Agri-environment scheme shortfall

15 September 2000




Agri-environment scheme shortfall

By Robert Davies

THE new Welsh agri-environment scheme Tir Gofal needs much more cash if the achievements of the previous scheme are to be sustained.

During a farm walk at Bryncelynog, Trawsfynydd, Farmers Union of Wales members from Meirionydd saw how the Huws family had used money from the pilot Tir Cymen scheme to rebuild stone walls, plant hedges and protect valuable habitats.

But they heard there was no guarantee that the family would get into the new Tir Gofal scheme when their current 10-year agreement ends in 2002. The same was true of the other 350 farmers in the Tir Cymen area who had put 58,000ha (139,000 acres) of land into the scheme.

"The benefits of the pilot scheme are clear to anyone travelling up this valley," said project officer Arfon Griffiths. "You can see the walling, the hedges, the re-roofed buildings, improved managed access for walkers on 66% of the area and the protection of important features like semi-natural grassland."

What visitors could not see were gains such as the jobs created by the substantial injection of cash into the local economy. But limited funding meant that half of the first year applicants for Tir Gofal had been rejected, and no promises could be made to the 86 farmers whose existing agreements would end in 2001.

Dylan Huws, who farms the unit with his mother, father and wife, said the fall in livestock prices and rising production costs meant the loss of the agri-environment income would be devastating to the business.

Stocking rate had been reduced to comply with the Tir Cymen rules and he was trying to improve the quality of his stock to meet market demand.

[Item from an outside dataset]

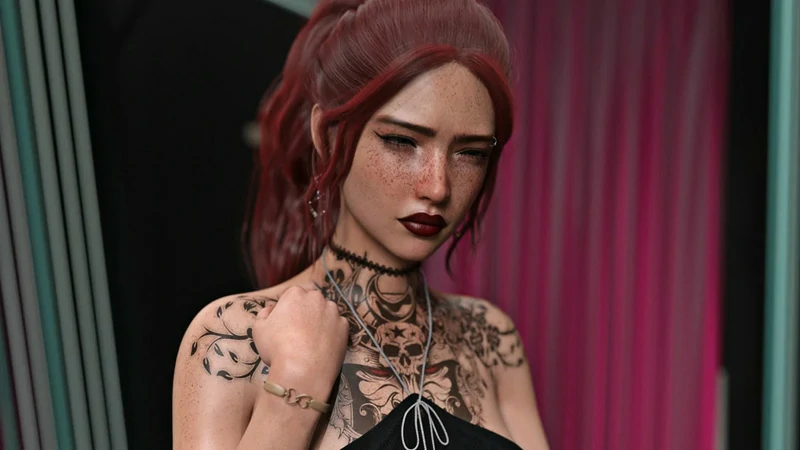 图片[1]-安卓+电脑【欧美SLG动态CV】餐厅 v0.23 步-大壮社区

But without the current whole farm annual payments, output would have to be increased, unimproved grazings would have to be pepped up and the environmental gains of the past eight years would be threatened.

FUW president Bob Parry said changes to the hill livestock support system, crippling cost increases, bureaucracy and under-funding of agri-environment schemes were also combining to threaten the futures of hundreds of upland family farms. &#42

Dylan Huws reckons environmental gains could be threatened.